Byte order: little-endian, contiguous, no header.
nnz determination: div(filesize(nzind_path), sizeof(I)) — derived from file size, not stored separately (files_format.jl:601).

8.3 `.nzval` — non-zero values

Element type: <T> (from the JSON descriptor).
Element count: same as .nzind (nnz).
May be absent when eltype is Bool and all stored non-zero values are true. The reader synthesises fill(true, nnz) (files_format.jl:615–619). Writers omit the file when eltype == Bool and all(nzval(vector)) (files_format.jl:437–439).
Byte order: little-endian, contiguous, no header.

8.4 Sparse string vectors (`.nztxt`)

When eltype is String and the sparse threshold is met, .nzval is replaced by a .nztxt text file (files_format.jl:480–496):

vectors/<axis>/<name>.nztxt

Contains only the non-empty string values, one per line, \n-terminated, in the same order as the corresponding entries in .nzind. The .nzind file is still present and holds the 1-based positions of those non-empty values.

Sparse threshold for string vectors (files_format.jl:476–479): sparse format is chosen over dense only when sparse_size ≤ dense_size * 0.75, where sparse_size = nonempty_bytes + n_nonempty * (1 + sizeof(I)) and dense_size = nonempty_bytes + total_entries.

9. Sparse (CSC) matrix format

Sparse real-valued matrices use Julia’s SparseMatrixCSC layout stored across three files:

matrices/<rows_axis>/<columns_axis>/<name>.json    # descriptor
matrices/<rows_axis>/<columns_axis>/<name>.colptr  # column pointers (binary)
matrices/<rows_axis>/<columns_axis>/<name>.rowval  # row indices (binary)
matrices/<rows_axis>/<columns_axis>/<name>.nzval   # values (binary, may be absent for Bool)

9.1 Descriptor JSON

{"format":"sparse","eltype":"<T>","indtype":"<I>"}

(files_format.jl:664–669, files_format.jl:1052–1054)

9.2 `.colptr` — column pointers

Element count: ncols + 1.
Element type: <I> (UInt32 or UInt64).
Semantics: standard CSC column pointer array. colptr[j] is the 1-based index of the first non-zero entry in column j within rowval / nzval; colptr[ncols+1] = nnz + 1. All values are 1-based (files_format.jl:730, files_format.jl:742, files_format.jl:920).
nnz determination: computed from rowval file size: div(filesize(rowval_path), sizeof(I)) (files_format.jl:923).
Byte order: little-endian, contiguous, no header.

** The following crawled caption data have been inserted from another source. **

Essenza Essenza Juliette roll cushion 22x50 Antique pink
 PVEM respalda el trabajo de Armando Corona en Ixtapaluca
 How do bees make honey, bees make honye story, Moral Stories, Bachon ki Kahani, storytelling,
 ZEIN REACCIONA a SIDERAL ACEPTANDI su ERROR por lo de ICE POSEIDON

9.3 `.rowval` — row indices

Element type: <I>.
Element count: nnz.
Semantics: 1-based row index of each non-zero entry, grouped by column as dictated by colptr (files_format.jl:924, files_format.jl:731–738).
Byte order: little-endian, contiguous, no header.

9.4 `.nzval` — values

Element type: <T>.
Element count: nnz.
May be absent for Bool element type when all values are true. Writer omits the file when eltype(matrix) == Bool && all(nzval(matrix)) (files_format.jl:673–675); reader synthesises fill(true, nnz) (files_format.jl:946–950).
Byte order: little-endian, contiguous, no header.

9.5 Index type selection

Same rule as for sparse vectors: UInt32 when the matrix “size” satisfies max(nrows, ncols, nnz) ≤ typemax(UInt32), UInt64 otherwise (writers.jl:879). The descriptor’s indtype field is the authoritative source; readers must use it regardless of current axis sizes.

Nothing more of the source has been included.